THE DATA: Begin
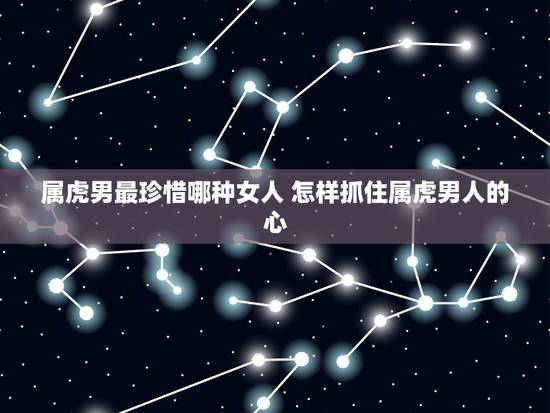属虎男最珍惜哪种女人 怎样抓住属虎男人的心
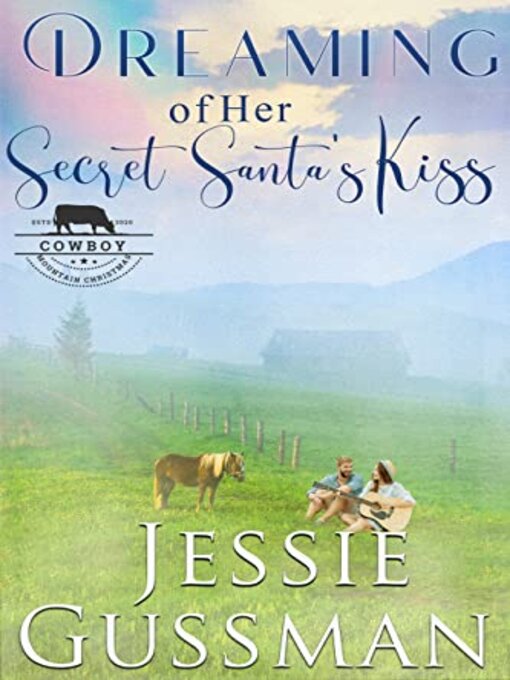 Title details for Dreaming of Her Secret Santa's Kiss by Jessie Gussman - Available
THE DATA: End
THE DATA: Begin
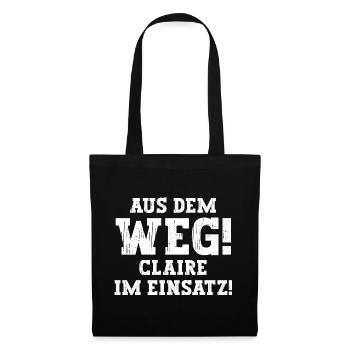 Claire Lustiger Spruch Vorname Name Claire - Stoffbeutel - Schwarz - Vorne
THE DATA: End
## WHAT THE EXERCISE ASKS
The stretch to restate runs from the line above containing "属虎男最珍惜哪种女人 怎样抓住属虎男人的心" through the line containing "Title details for". Copy it word for word, ends included, without pictures.

## EXERCISE RESULT
属虎男最珍惜哪种女人 怎样抓住属虎男人的心
 Title details for Dreaming of Her Secret Santa's Kiss by Jessie Gussman - Available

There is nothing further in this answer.